İnsanları, etin haftada bir kereden daha az yendiği bitki temelli "fleksitaryen" bir diyet benimsemeye çağırıyorlar.

Ancak haftada tam olarak ne kadar et tüketilmesinin tavsiye edildiği belirsizliğini koruyor. Danimarka Teknik Üniversitesi'nden sürdürülebilir kalkınma uzmanı Caroline Gebara, "Artık çoğu kişi hem çevrenin korunması hem de sağlıkla ilgili nedenlerle daha az et yememiz gerektiğinin farkında. Ancak 'daha az'ın ne kadar olduğunu ve büyük resimde gerçekten fark yaratıp yaratmadığını anlamak zor" diyor

Nature Food adlı akademik dergide yayımlanan bu son çalışma, bu miktarı haftada yaklaşık 255 gram olarak belirledi.
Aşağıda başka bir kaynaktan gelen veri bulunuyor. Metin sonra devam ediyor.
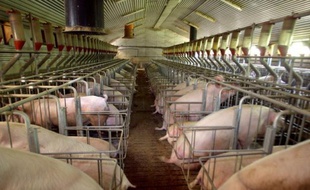 Les deux principaux acheteurs de viande de porc en France ont boycotté le marché, jugeant le prix de la viande trop élevé, le 10 août 2015.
Dr. Gebara, "Süpermarketteyken gözünüzde canlandırabileceğiniz ve düşünebileceğiniz somut bir rakam hesapladık, haftada 255 gram kümes hayvanı veya domuz eti" dedi.

Bu, yaklaşık iki tavuk göğsü filetosuna eşdeğer ve bir kişinin gezegene zarar vermeden haftada tüketebileceği et sınırı.

Bu rakam sadece kümes hayvanları ve domuz eti için geçerli. Çalışma, "mütevazı bir sığır eti tüketiminin" bile gezegenin kaldırabileceği sınırı aştığı uyarısını yapıyor.

Dr. Gebara, "Hesaplamalarımız, bir kişinin diyetindeki mütevazı miktarda kırmızı etin bile, çalışmada incelediğimiz çevresel faktörlere dayanarak gezegenin kaynakları yeniden üretebileceği miktarla uyumsuz olduğunu gösteriyor" dedi.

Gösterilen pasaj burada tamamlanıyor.